The agriculture community took a number of important steps toward a 2012 Farm Bill this week, with commodity groups meeting in Washington to discuss the issues and the Senate Agriculture Committee announcing a hearing schedule.
Farmer and staff leaders of 13 commodity groups met in Washington, D.C. Tuesday and Wednesday to build relationships and consensus around farm policy priorities.
At the session, they confirmed their commitment to work together in the coming process and their common belief that a new farm bill should be completed this year to provide certainty to farmers and the industries they support.

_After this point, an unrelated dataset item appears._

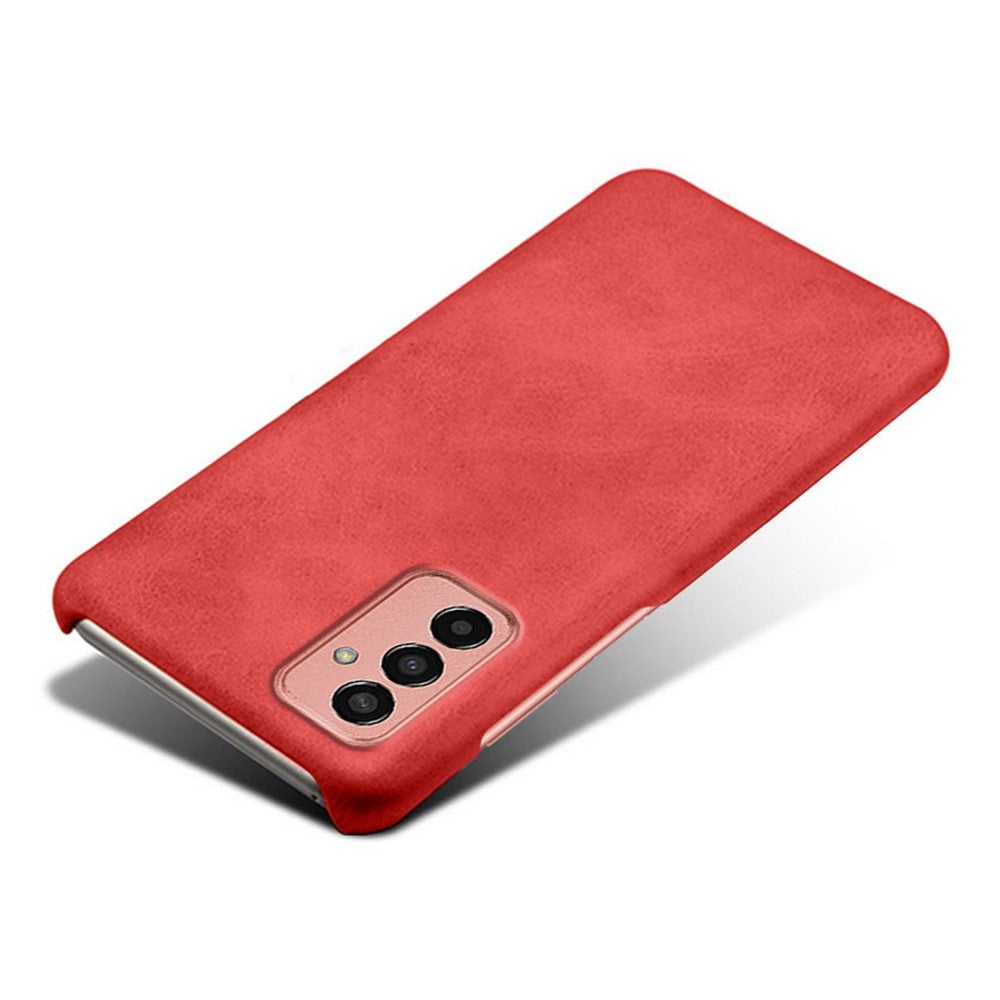For Samsung Galaxy M13 4G Mobile Phone Cover, Anti-drop Calf Textured PU Leather Coated PC Phone Case - Red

“American agriculture stands out as one of the few sectors of the economy that has, throughout the economic downturn, still contributed positively to our nation’s balance of trade while helping to create jobs and put this country back on its economic feet,” the groups said in a joint statement following the meeting.
“And we have accomplished these things with a farm policy that also stands out as consistently under budget over the past 10 years and for leading the way on deficit reduction, contributing disproportionately and, in some cases, even alone, in the effort to get our nation’s fiscal house in order.
“The economy is fragile, unemployment is high, and Americans are worried. Given the need for economic growth and deficit reduction, for our part, we have offered to do more with less. If Washington provides America’s farmers and ranchers with some certainty, we can continue to help lead our nation’s economic recovery.”
The groups with leadership in the sessions represent the vast majority of commodity producers who participate in programs offered under Title I of the 2008 Farm Bill.
They included NAWG, American Farm Bureau Federation, American Soybean Association, National Barley Growers Association, National Corn Growers Association, National Cotton Council, National Farmers Union, National Sorghum Producers, National Sunflower Association, Southern Peanut Farmers Federation, US Canola Association, USA Dry Pea & Lentil Council and USA Rice Federation.
On Wednesday, Senate Agriculture Chairwoman Debbie Stabenow (D-Mich.) announced her Committee will hold four hearings in February and March on farm bill issues.
A hearing set for Feb. 15 will cover energy issues; a hearing set for Feb. 29 will cover conservation issues; a hearing set for March 14 will cover nutrition issues; and a hearing set for March 21 will tackle what is expected to be the biggest road block to quick completion of the bill, risk management and commodity title policies.
The Committee announcement said witness lists and times will be released at a later date. It is widely expected the Senate Committee will complete its work on a new farm bill first, perhaps before the work of the House Agriculture Committee officially begins.
Farm bill watchers got another piece of interesting data this week from the Congressional Budget Office (CBO), which provides the official estimates, or scores, of costs associated with proposed government programs.
In its Budget and Economic Outlook, released Tuesday, CBO said mandatory spending for agricultural support is expected to rise very slightly and remain stable over the next 10 years, accounting for $15 billion in 2011 and a projected average of $16 billion per year between 2012 and 2022. In 2013, CBO suggested mandatory agriculture spending will fall to about $13 billion.
By contrast, mandatory spending on the Supplemental Nutrition Assistance Program (SNAP), previously known as food stamps, came to about $77 billion per year in 2011, and is projected to remain in that range through 2022.
CBO’s projections of farm policy spending will be essential components of finalizing a farm bill in 2012, as overall program spending is expected to decline, putting pressure on policy makers to design a better safety net with ever-fewer dollars.
The Obama Administration is scheduled to release its budget proposal in mid-February, which will begin official budget discussions for the coming fiscal year.